Kann ich in der Textdatei irgendwie einen Tabulator erzeugen oder muss ich einfach 4 Leerzeichen rausschreiben - Dann wird aber der Tabulator in der Textdatei nicht mehr erkannt!!!????


----------



## didjitalist (26. Nov 2008)

\t ist ein tabulator, sogar in allen gängigen zeichensätzen und in Unicode und ANSI-Zeichensätzen garantiert. das problem liegt woanders.


----------



## Gast (26. Nov 2008)

Windows User? Öffne die Datei mal mit dem "WordPad" nicht mit dem "Text Editor". Das sollte helfen.


----------



## Verjigorm (26. Nov 2008)

kann meinem Vorredner nur zustimmen, das Problem muss wohl woanders liegen.

Ohne mehr Infos/Code geht da nix

edit:



			
				Gast hat gesagt.:
			
		

> Windows User? Öffne die Datei mal mit dem "WordPad" nicht mit dem "Text Editor". Das sollte helfen.



Nö, macht (normalerweise) keinen Unterschied


----------



## lama (26. Nov 2008)

Verjigorm hat gesagt.:
			
		

> kann meinem Vorredner nur zustimmen, das Problem muss wohl woanders liegen.
> 
> Ohne mehr Infos/Code geht da nix
> 
> ...



Doch. Wenn ich meine Java-Sources hier unter Linux schreibe und auf der Arbeit mit Windows Notepad öffne, habe ich keine Zeilenumbrüche und Sonderzeichen.

Das klappt nur so wie ich es will, wenn ich einen "besseren" Editor zum öffnen nehme. Vermute, das hängt mit UTF-8 zusammen. Müsste man auch beim Notepad irgendwo einstellen können.


----------



## Der Müde Joe (26. Nov 2008)

>Müsste man auch beim Notepad irgendwo einstellen können.

Hab zwar kein Win hier, aber sicher nicht.
Den Notepad sollte man verbieten. Den gabs
schon unverändert auf Win 3.11 for Workstations
oder wie sich das auch immer nannte.

Mir gefällt Scite sehr gut, fürs Code gucken.
Klein, schnell...


----------



## lama (26. Nov 2008)

Der Müde Joe hat gesagt.:
			
		

> Mir gefällt Scite sehr gut, fürs Code gucken.
> Klein, schnell...



+1

SciTe meinte ich mit dem "besseren" Editor  Geht aber nichts über vim. Ist nur unter Win nicht so schön zu benutzen.

Na ja egal btt


----------



## SlaterB (26. Nov 2008)

lama hat gesagt.:
			
		

> Doch. Wenn ich meine Java-Sources hier unter Linux schreibe und auf der Arbeit mit Windows Notepad öffne, habe ich keine Zeilenumbrüche und Sonderzeichen.

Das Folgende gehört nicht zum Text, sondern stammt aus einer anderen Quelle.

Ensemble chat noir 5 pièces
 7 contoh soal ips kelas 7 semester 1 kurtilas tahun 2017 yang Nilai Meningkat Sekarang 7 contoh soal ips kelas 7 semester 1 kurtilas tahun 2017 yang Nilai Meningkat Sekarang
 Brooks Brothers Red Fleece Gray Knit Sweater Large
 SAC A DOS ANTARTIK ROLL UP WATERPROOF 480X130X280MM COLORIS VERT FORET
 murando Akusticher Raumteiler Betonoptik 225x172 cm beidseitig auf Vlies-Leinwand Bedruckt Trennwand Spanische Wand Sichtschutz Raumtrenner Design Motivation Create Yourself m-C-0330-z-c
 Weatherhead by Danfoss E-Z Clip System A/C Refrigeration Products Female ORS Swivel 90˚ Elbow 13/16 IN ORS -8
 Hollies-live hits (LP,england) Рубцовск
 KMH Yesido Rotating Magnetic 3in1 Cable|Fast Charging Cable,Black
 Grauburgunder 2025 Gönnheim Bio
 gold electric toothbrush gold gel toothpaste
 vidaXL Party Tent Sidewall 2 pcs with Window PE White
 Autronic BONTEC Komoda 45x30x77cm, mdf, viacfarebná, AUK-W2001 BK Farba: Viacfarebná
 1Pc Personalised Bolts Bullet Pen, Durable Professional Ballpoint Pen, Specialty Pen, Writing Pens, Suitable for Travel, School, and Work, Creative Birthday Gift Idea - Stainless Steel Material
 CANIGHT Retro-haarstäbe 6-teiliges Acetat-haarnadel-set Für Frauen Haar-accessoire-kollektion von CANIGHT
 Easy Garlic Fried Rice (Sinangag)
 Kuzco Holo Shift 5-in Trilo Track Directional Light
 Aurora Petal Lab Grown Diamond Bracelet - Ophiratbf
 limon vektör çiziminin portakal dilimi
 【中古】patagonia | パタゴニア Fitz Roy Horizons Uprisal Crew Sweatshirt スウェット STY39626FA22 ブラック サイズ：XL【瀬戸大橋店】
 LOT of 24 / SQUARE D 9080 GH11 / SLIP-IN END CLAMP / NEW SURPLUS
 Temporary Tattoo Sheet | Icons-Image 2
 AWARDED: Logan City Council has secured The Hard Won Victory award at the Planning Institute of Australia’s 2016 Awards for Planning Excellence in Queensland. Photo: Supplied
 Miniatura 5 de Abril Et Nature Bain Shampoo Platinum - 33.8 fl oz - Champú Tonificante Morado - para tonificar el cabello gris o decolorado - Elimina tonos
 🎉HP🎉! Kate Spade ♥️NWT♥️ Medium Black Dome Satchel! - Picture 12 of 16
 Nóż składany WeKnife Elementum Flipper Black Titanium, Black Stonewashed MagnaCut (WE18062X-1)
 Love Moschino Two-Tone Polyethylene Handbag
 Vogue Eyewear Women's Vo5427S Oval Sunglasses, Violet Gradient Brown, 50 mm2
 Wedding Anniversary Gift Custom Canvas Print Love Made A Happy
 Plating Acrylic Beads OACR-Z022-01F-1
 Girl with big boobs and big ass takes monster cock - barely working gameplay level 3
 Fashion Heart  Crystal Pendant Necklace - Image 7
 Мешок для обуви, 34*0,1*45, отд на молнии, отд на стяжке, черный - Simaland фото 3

\r\n vs \n und Umlaute sind bekannte Probleme, dennoch sollte \t überall funktionieren


----------



## didjitalist (26. Nov 2008)

so sehr man auf notepad schimpfen mag, wenn das teil irgendwas kann, dann ist es absolut korrekte umgangsweise mit ANSI-Zeichensätzen und Unicode (zumindest UTF-8).


----------



## Guest (27. Nov 2008)

Moin,

so, ich bin jetzt auch draufgekommen, dass \t z.B.: im Nodepad++ nicht angezeigt wird aber im Windows Editor wird der Tab ganz normal mit seinen 4 Leerzeichen angezeigt,
Dankeschön für die Antworten


----------